Тем не менее, когда приблизилось время возвращения, Танеев занервничал. И не мог избавиться от крепнущего желания раз и навсегда распрощаться и с этим замызганным холодным городишком, с которым так и не сжился. Тосковал по далёкому родному городу, даже по пятичасовой разнице во времени, и с этим обрыдлым общежитием, и с этой больницей, где не было ему счастья. С палатой, где всегда для него будет лежать Толик Остапенко. Созрела мысль податься в Иркутск, во врачебно-санитарную службу, выпросить разрешение уехать, не отработав полностью весь положенный срок. Сослаться, например, на болезнь матери.
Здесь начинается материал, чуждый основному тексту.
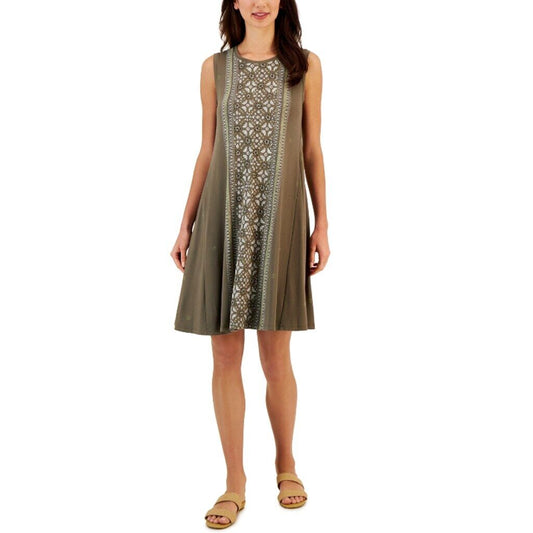 Style & Co. Women's Small Petite Brown Printed Sleeveless Flip Flop Dress NWT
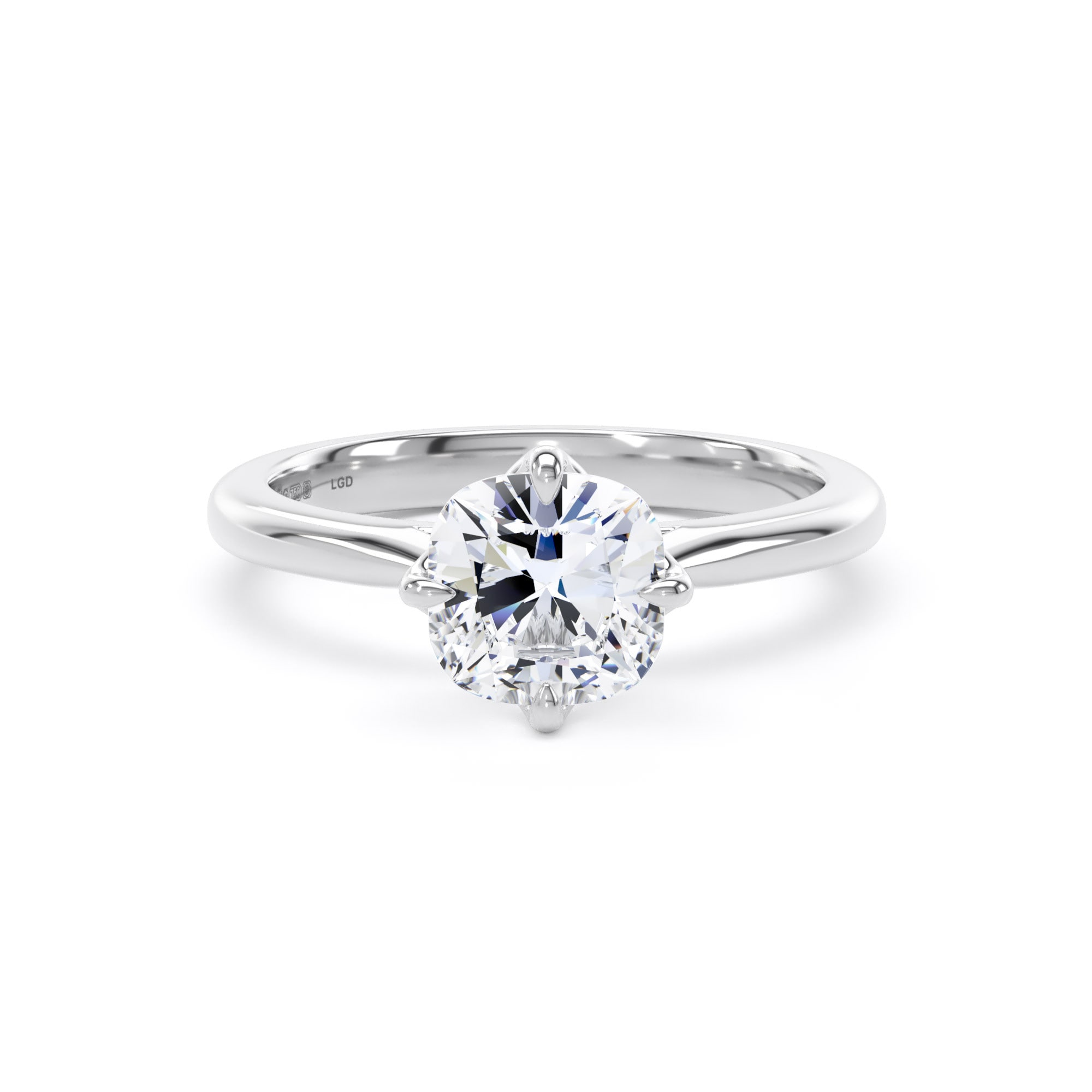 18ct White Gold Compass Set 1.50cttw Cushion Cut Lab Grown Diamond Solitaire Engagement Ring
Бессовестно врать, кстати сказать, не придётся – у мамы в самом деле серьёзные проблемы с сердцем, он в доказательство, ежели потребуется, и документы нужные предоставит. В конце концов, можно и куда проще сделать – сесть на поезд и укатить. Не судить же его за это будут. Да и станет ли его вообще кто-нибудь разыскивать? Что, все его однокурсники поехали туда, куда их распределили? Он сам может назвать не меньше десятка фамилий тех, кто после окончания всеми правдами и неправдами пристроились в городе. А он, не в пример им, почти два года уже оттрубил, ему зачтётся.
Укрепившись в этой мысли, Танеев уже в куда лучшем настроении, прибыв на немилую станцию, вышел из вагона. Стемнело, и он, поотвыкнув от здешнего бытия, как впервые удручён был деревенской теменью затихших улиц, чуть отойдя от вокзала. А когда подходил к общежитию, почти уверился, что жить ему здесь осталось недолго, повеселел.
Но все эти светлые чаяния, как чисто вымытое окошко кирпичом с улицы, сходу вышиб Генка. Тот как всегда был в курсе всех событий. Танеева тут с нетерпением ждали. И речь не о больнице и даже не об Остапенках – уже дважды наведывался следователь из прокуратуры, оставил свой телефон, по которому Танеев должен был позвонить ему как только появится. Фамилия ему – Басманов. Генке удалось узнать в чём причина – на Танеева заведено уголовное дело по обвинению в действиях, повлекших за собой смерть ребёнка.
– Они что, с ума там посходили? – изумился Танеев. – Было ведь вскрытие, нет на мне никакой вины, несчастный случай! Рудаков знает об этом?
– Знает, – пожал плечами Генка. – Он даже беседовал с этим следователем. Новый какой-то, в прошлом году прибыл. Из Иркутска. Наверняка сюда за крупную промашку какую-нибудь сослали, потому что с понижением. Он о тебе с Рудаковым и разговаривать не захотел. Весь из себя такой. Предупредил только, что если ты вдруг вздумаешь кочевряжиться или слинять, всесоюзный розыск объявят, не поздоровится тогда. Но самая большая лажа – ходят в больнице слухи, будто он какой-то дальний родич Остапенок, точно выяснить не удалось.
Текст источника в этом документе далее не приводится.